Ao longo da minha vida, que já vai entrada em anos, conheci muitas dezenas, centenas até, de padres de todos os tipos e condições: novos e velhos, seculares e religiosos, portugueses e estrangeiros. De todos, sem excepção, guardo boas lembranças e, mesmo que não possa assegurar a sua santidade, posso jurar, solenemente, pondo a Deus como testemunha da verdade desta minha afirmação, que nunca fui vítima de qualquer abuso por nenhum padre, como também não conheço, nem nunca conheci, que eu saiba, nenhum padre que tivesse praticado qualquer crime de pedofilia, ou de abuso de menores.

Talvez a Igreja católica precisasse de um exercício de catarse colectiva, como o agora realizado em Roma, muito embora nada se dissesse de novo, nem se tivesse descoberto nenhuma solução milagrosa. A resposta passa, invariavelmente, pela penitência e pela oração, pela prevenção e pela proximidade e acompanhamento de padres e leigos e, nos casos em que seja procedente, pela suspensão ou demissão do estado clerical. Na pastoral e no direito canónico já existem todos os meios necessários para a erradicação da pedofilia e do abuso de menores na Igreja católica: não falte, aos pastores, a coragem para a eles recorrerem sempre que seja necessário.

É provável que uma atitude pastoral aparentemente indulgente para com certos comportamentos contrários à doutrina cristã tenha proporcionado um certo relaxamento moral dos católicos em geral, que também terá afectado a disciplina do clero. Sem cair nos rigorismos de antanho, nem nos autoritarismos inquisitoriais, é preciso recordar que a condição cristã e, mais ainda, a sacerdotal, pressupõe o compromisso da santidade, na renúncia ao mal e na vivência de todas as virtudes.

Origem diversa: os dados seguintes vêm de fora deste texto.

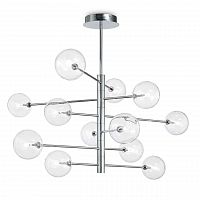 подвесная люстра ideal lux equinoxe sp12 cromo в Бийске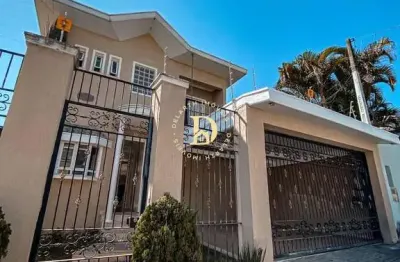 Sobrado - jacareí - bairro villa branca - 4 dormitórios (4 suítes)  239 m²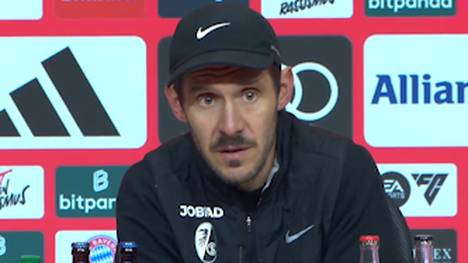 Der SC Freiburg kommt trotz 2:0-Führung gegen die Bayern am Ende mit 2:6 unter die Räder. Angesichts des übermächtig scheinenden Gegners will Trainer Julian Schuster die Leistung nicht zu schlecht bewerten.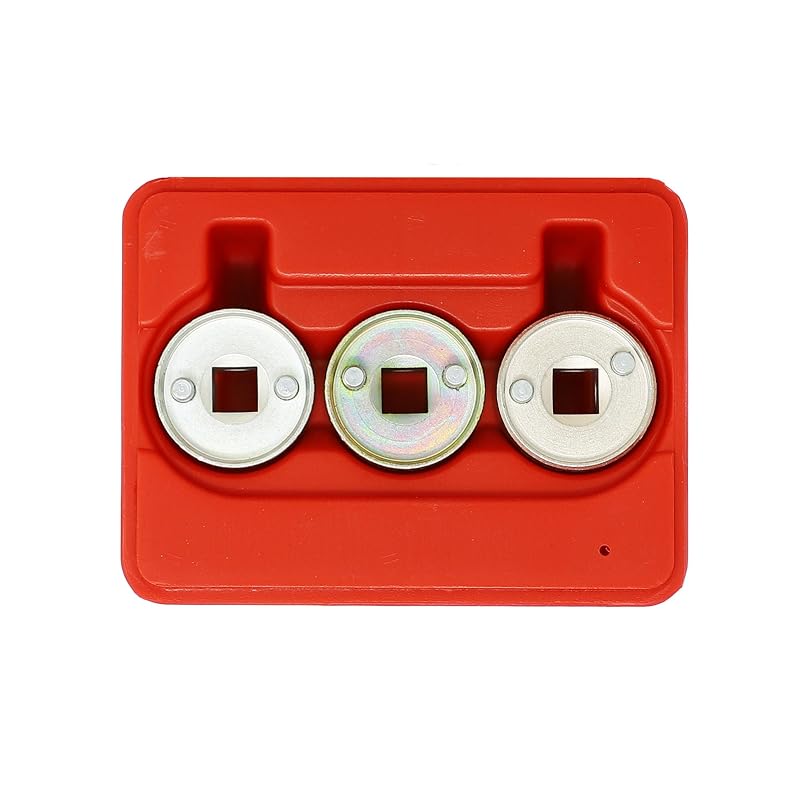 CTA Tools 1032 Kit de Soquetes para Ajuste do Comando de Válvulas VW/Audi com 3 Peças
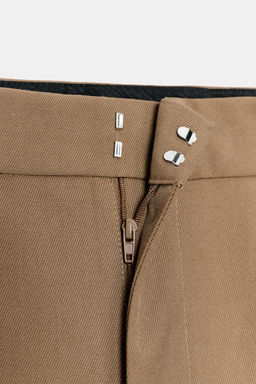 ZW COLLECTION WIDE-LEG TROUSERS - Zara фото 4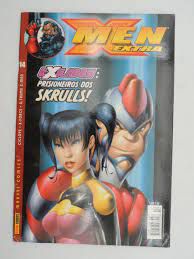 Livro X-men Extra Nº 14 Autor Exilados Prisioneiros dos Skrulls! (2003) [usado]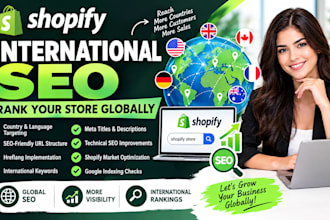 optimize shopify international SEO for higher global google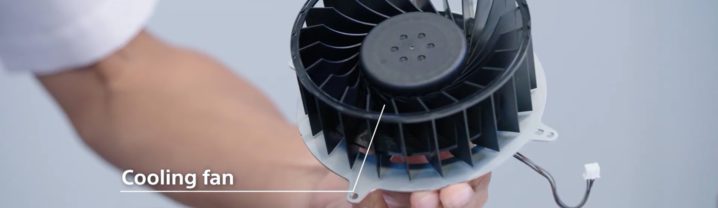 PlayStation PS5 Ventilateur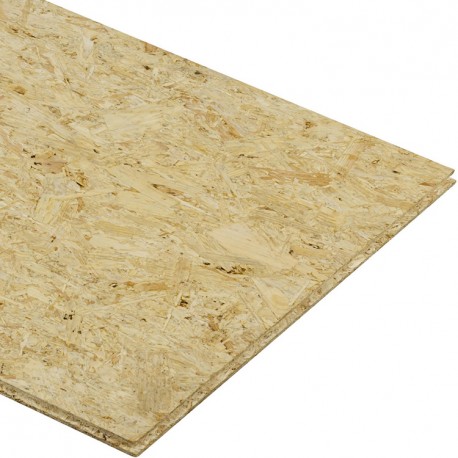 Panneaux OSB rainuré languetté 12mm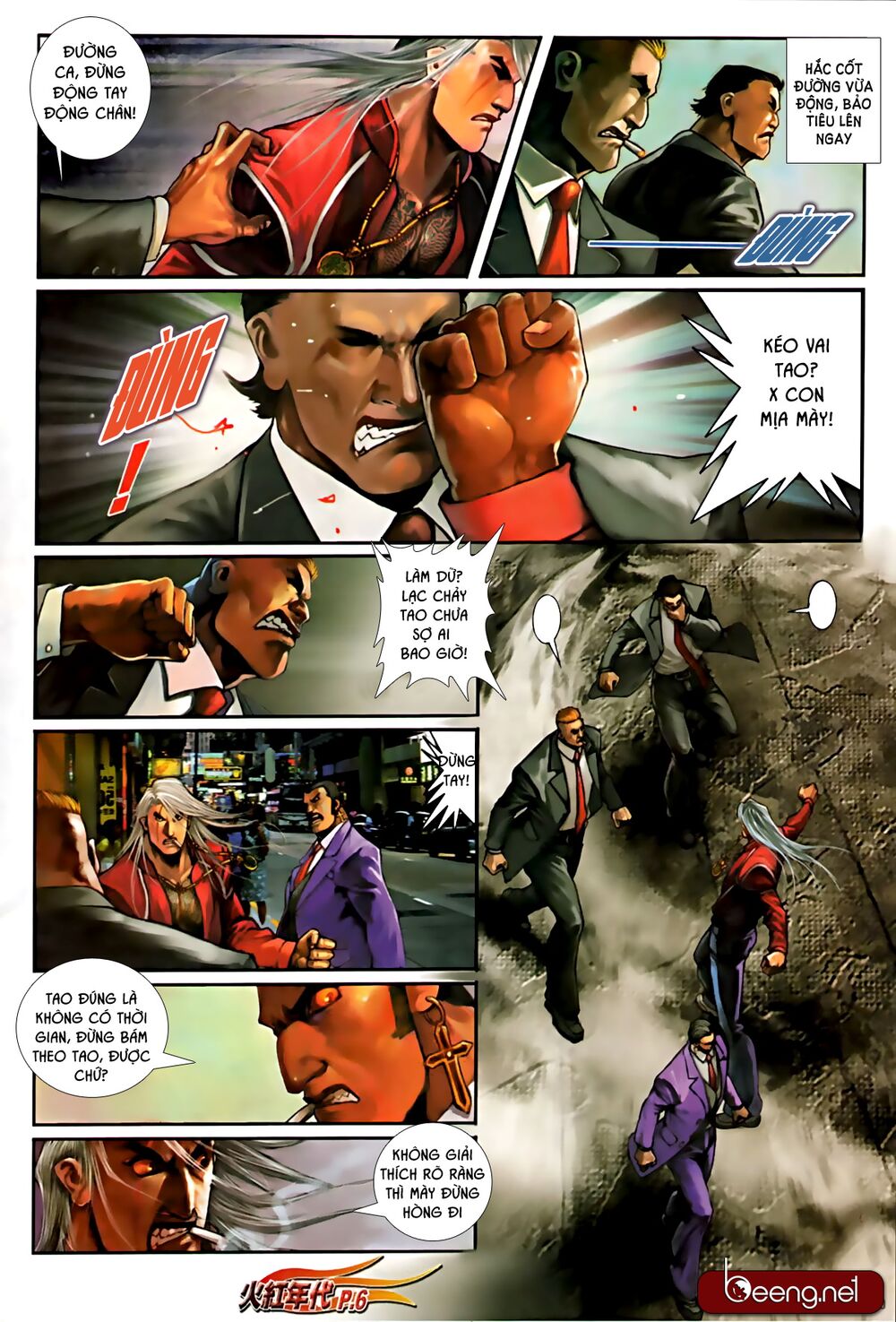 Hỏa Hồng Niên Đại Hắc Cốt Đường: Chapter 584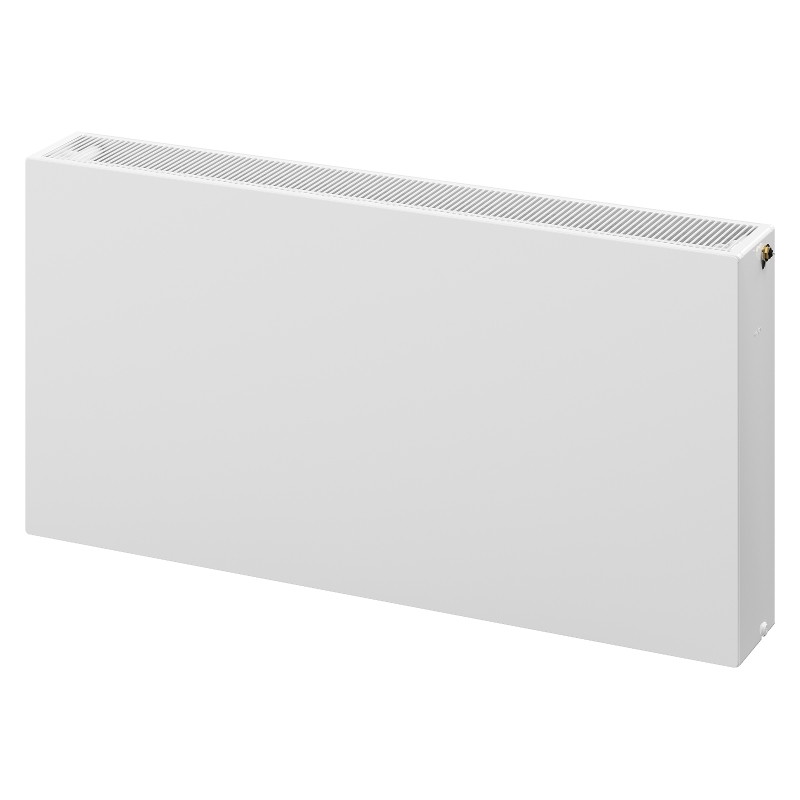 Mexen CVF33 Flachheizkörper 900 x 900 mm, unterer Anschluss, 2701 W, weiß - W633F-090-090-00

Esse foi, decerto, o grande legado de São João Paulo II, que promoveu às honras dos altares centenas de mulheres e homens, muitos do nosso tempo, como Edith Stein, o Padre Pio e Teresa de Calcutá, que foram heroicos na prática da caridade. Mais ainda: o próprio Karol Wojtyla foi um exemplo vivo de santidade sacerdotal.

Esta é a Igreja de que o mundo precisa: a Igreja dos apóstolos santos, a Igreja dos santos mártires, a Igreja dos santos confessores, a Igreja das virgens santas, a Igreja dos santos fundadores, a Igreja das religiosas e dos religiosos santos; a Igreja dos missionários santos; a Igreja dos santos pastores; a Igreja dos casais santos; a Igreja dos santos jovens. Esta é a Igreja de que o mundo não é digno (cf. Heb 11, 38) e que, não obstante a minha condição de pecador, é a minha Igreja.